## Work task
The required output is the exact text of the lines from the line containing "Ferragamo Leather belt best" through the final line below, inclusive, without pictures.

## Data
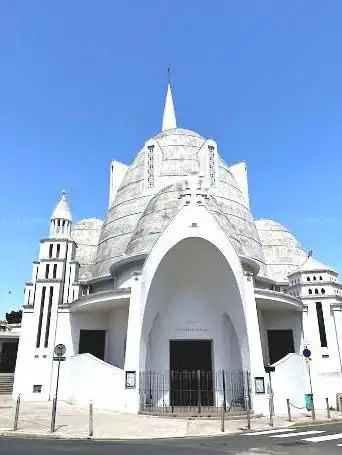 Photo de Église Sainte-Jeanne d'Arc
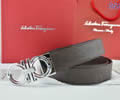 Ferragamo Leather belt best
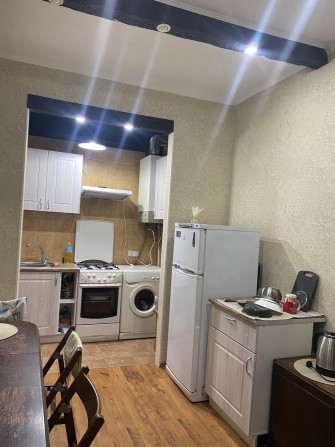 Продаж 1к квартири вул.Остроградських Польський півлюкс з/б перекриття - фото 1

## Result of the task
 Ferragamo Leather belt best
 Продаж 1к квартири вул.Остроградських Польський півлюкс з/б перекриття - фото 1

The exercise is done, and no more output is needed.